■ **Data block**

Start of Block

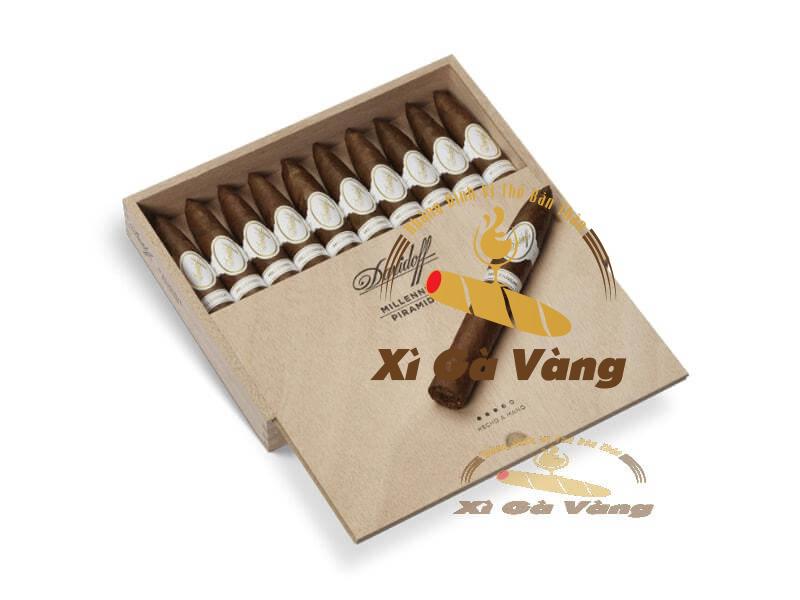 Davidoff-Millennium-Piramides-hop-10-dieu-1 Davidoff Millennium Piramides có kết cấu chắc chắn, tỉ mỉ và sang trọng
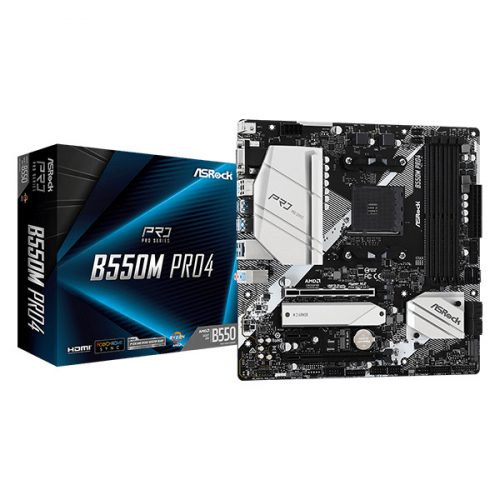 ASROCK Alaplap AM4 B550M PRO4 AMD B550, mATX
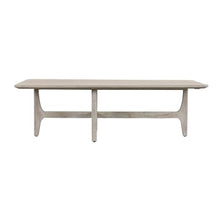 Kosas Home Dawn Rectangle Teak Wood Outdoor Coffee Table in Matte Gray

End of Block

■ **What the task requires**
Write out exactly the lines from the line that contains "ASROCK Alaplap AM4 B550M PRO4 AMD B550, mATX" to the last line of the material above, both included; pictures do not belong in the copy.

■ **Exercise solution**
 ASROCK Alaplap AM4 B550M PRO4 AMD B550, mATX
 Kosas Home Dawn Rectangle Teak Wood Outdoor Coffee Table in Matte Gray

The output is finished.